What the task asks:
Repeat the span of the entries below that starts at the line with "U.S. Polo Assn." and ends at the line with "Multi-Color Light Blue", nothing more. Skip the pictures.

Data extracts Start Marker

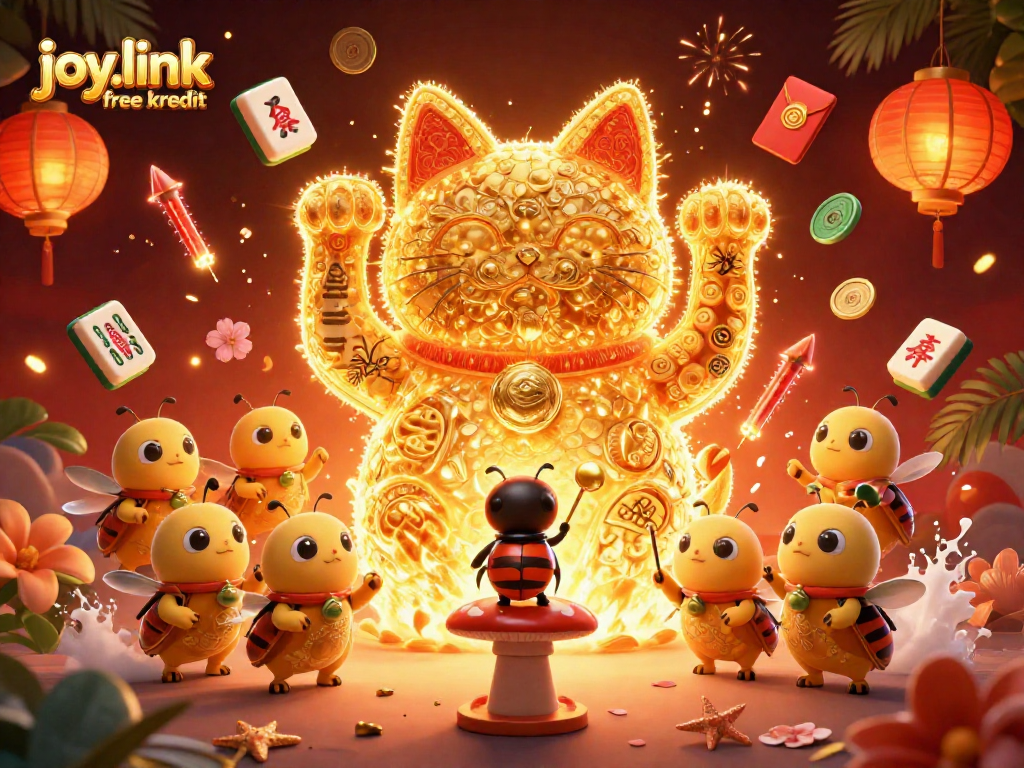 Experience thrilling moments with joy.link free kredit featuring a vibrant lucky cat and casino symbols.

Data extracts End Marker
Data extracts Start Marker

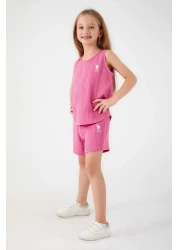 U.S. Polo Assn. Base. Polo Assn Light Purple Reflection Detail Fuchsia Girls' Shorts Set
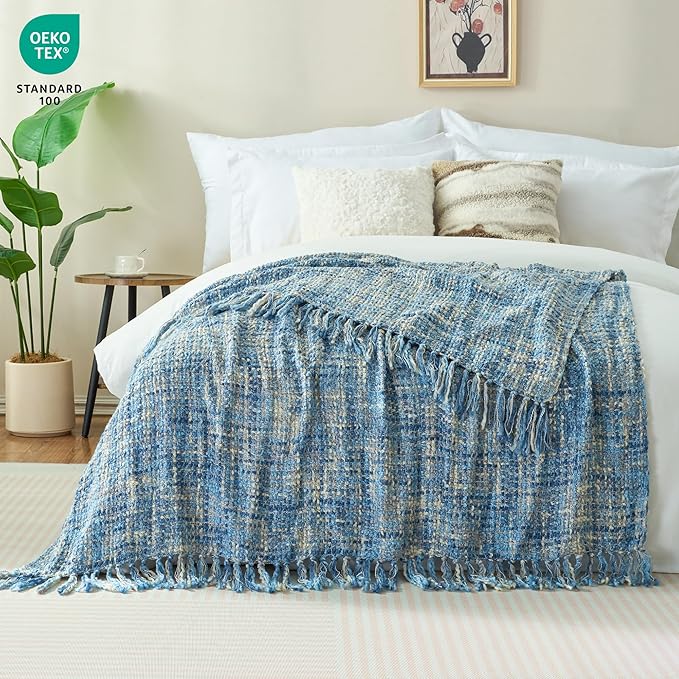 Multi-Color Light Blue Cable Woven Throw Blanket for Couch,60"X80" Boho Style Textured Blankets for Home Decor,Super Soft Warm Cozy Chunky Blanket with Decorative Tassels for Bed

Data extracts End Marker

Result:
 U.S. Polo Assn. Base. Polo Assn Light Purple Reflection Detail Fuchsia Girls' Shorts Set
 Multi-Color Light Blue Cable Woven Throw Blanket for Couch,60"X80" Boho Style Textured Blankets for Home Decor,Super Soft Warm Cozy Chunky Blanket with Decorative Tassels for Bed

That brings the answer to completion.